The Window is Open: It’s Cold in Here
Devna Panda
When you’re in college, The Future is an exciting but faraway possibility—replete with new opportunities, a new environment, and a version of you that is miraculously content with yourself and your surroundings. For some of us, it is challenging to conceptualize precisely what that future might look like because there are so many happenings of daily life that are enough to be caught up with. So, when this faraway time draws closer, you find yourself reflecting on the many avenues that might open themselves to you after completing your education.
While having the opportunity to determine what opportunity to pursue is undeniably exciting, the promise of an unending stretch of time—undivided by the semesters we have grown oh-so-familiar with—also brings the fear of potentially wasting time. Personally, nothing scares me as much as the notion of wasted time. I have witnessed firsthand how each decision I have made, whether it seemed big or small at the time, has shaped how my life is unfolding. As a result, the importance of doing what I can to further my goals each day has impressed itself upon me. I am almost ashamed of myself when something gets in the way of that. I fear that if I do not uphold this foresight into how poor present choices might affect me or have the discipline to commit myself to my future, I will be left in a situation that I wholeheartedly regret and for which I have only myself to blame.

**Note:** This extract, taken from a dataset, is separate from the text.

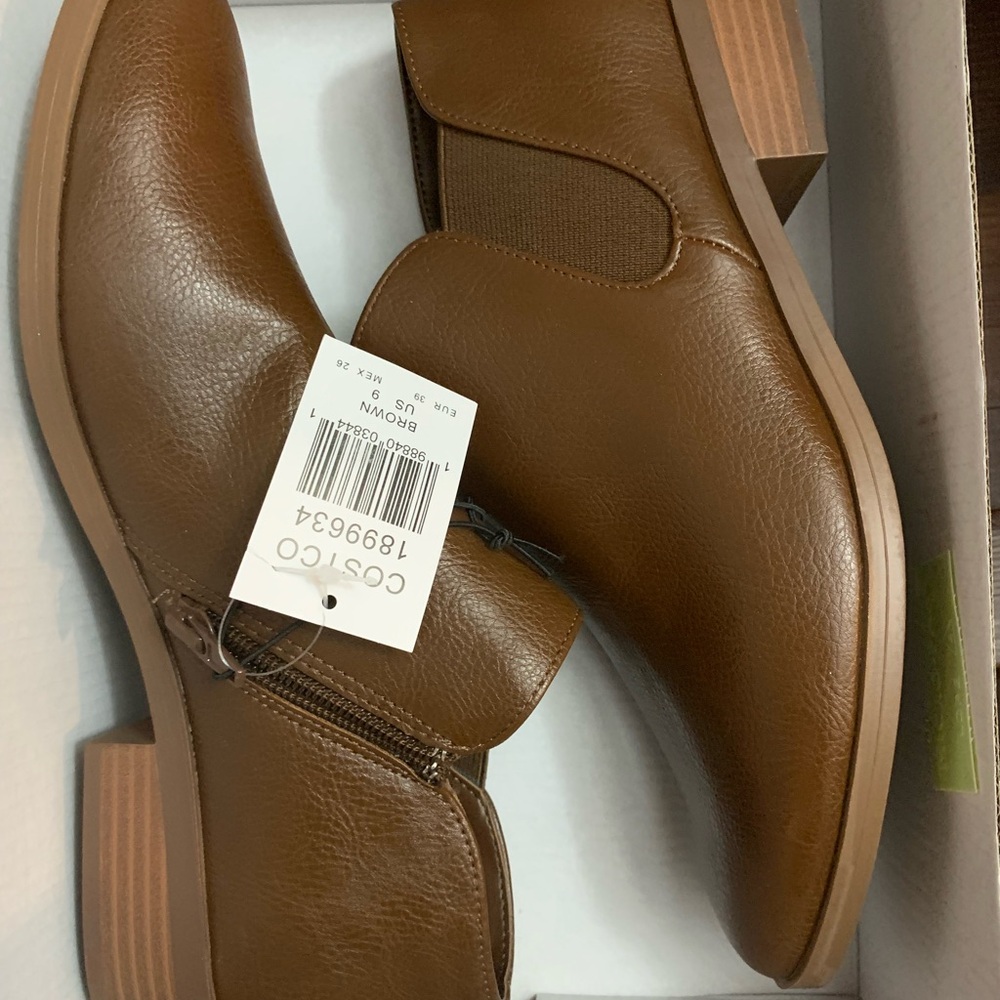 New Kensie Women's Sammy Brown Ankle Boots Bootie Size 9, 10, 7.5, 7, 6.5 - Picture 4 of 15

In my life, I often find myself balancing many competing interests and hobbies, and it becomes easy to wonder if I am centering the wrong ones. In doing so, I feel a sense of frustration with myself when I envision what my life might have been had I made a different choice at a specific turn. For instance, when I go to parties with my friends in humanities majors, I can feel myself wrestle with self-doubt. What if I had not chosen to study engineering and been an English major instead? My experience would have been vastly different, but I have no way of knowing if that scenario would have been better or what it would have been like at all.

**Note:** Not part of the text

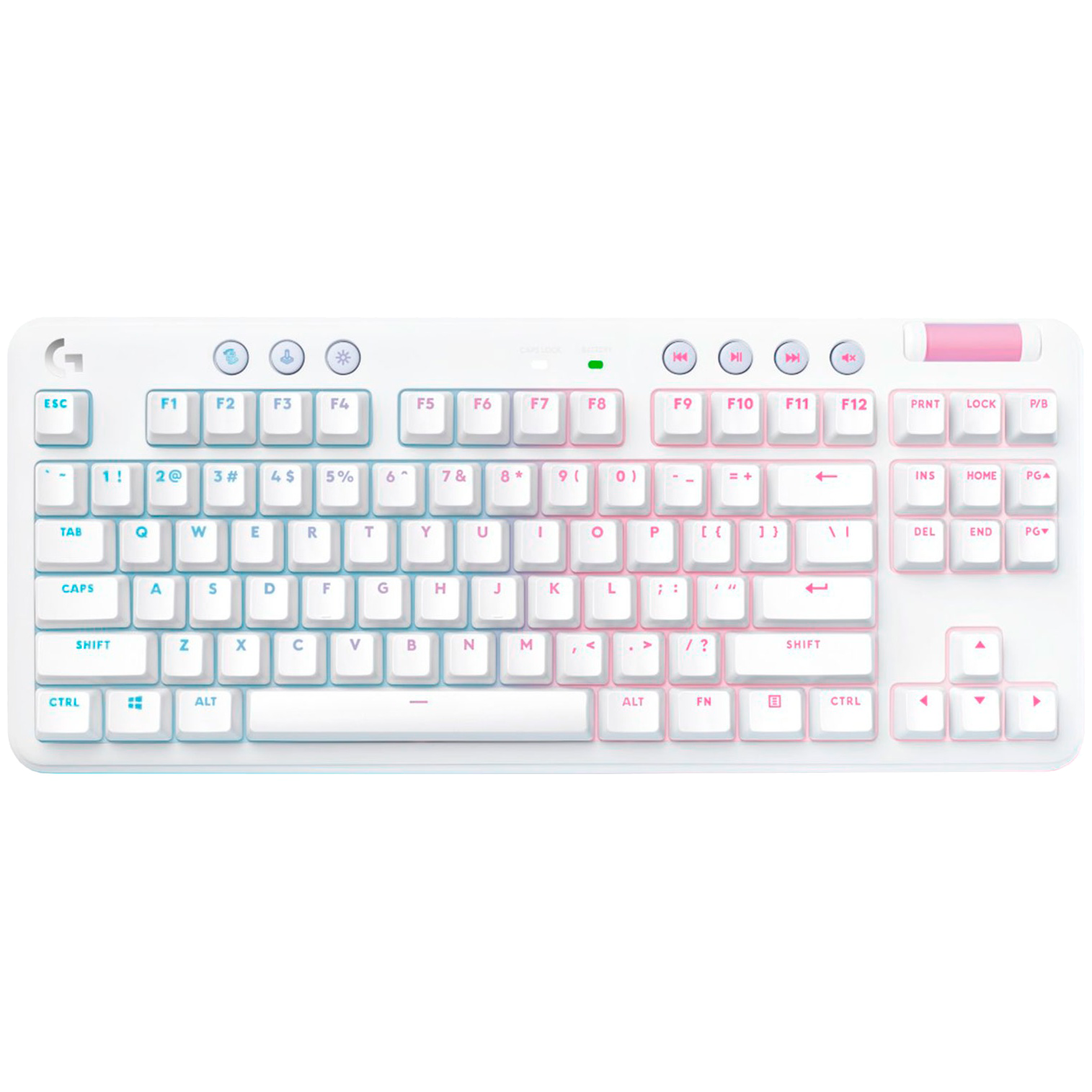 920-010464 Клавиатура игровая механическая Logitech G715 TKL Tactile LIGHTSPEED RGB OFF WHITE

These moments of doubt arise in other aspects of life as well. What if I had chosen to live in a different dormitory? What if I had made more of an effort to pursue that friendship or hadn’t decided to let a different friendship go? The future can be terrifying because of the pain that comes with reflecting on a past that cannot be changed.
Yet, you can not expect yourself to move through life flawlessly. Moreover, resilience is not the absence of negative experiences but the ability to navigate them as they come. In applying this lesson to life after college, I have been reminding myself to make the best out of whatever experience I ultimately engage in. While it may not be perfect, in those moments of frustration, I must focus on the positive rather than blame myself for not finding a better opportunity. Opportunities and experiences are variable, and this expectation of perfection I have been carrying for myself may have harmed me more than benefitted me. I’ve come to a point where I need a place to put this self-criticism and self-doubt down. If this narrative sounds eerily familiar, I urge you to ask if this might also be true for yourself.
This may be the year and the semester where you make more room for empathy for yourself. The possibility of what comes after college can be a source of excitement, not because you are guaranteed to find and land the best opportunity for yourself, but because you will delight in your ability to make the best of things and navigate unfamiliarity with grace and self-compassion.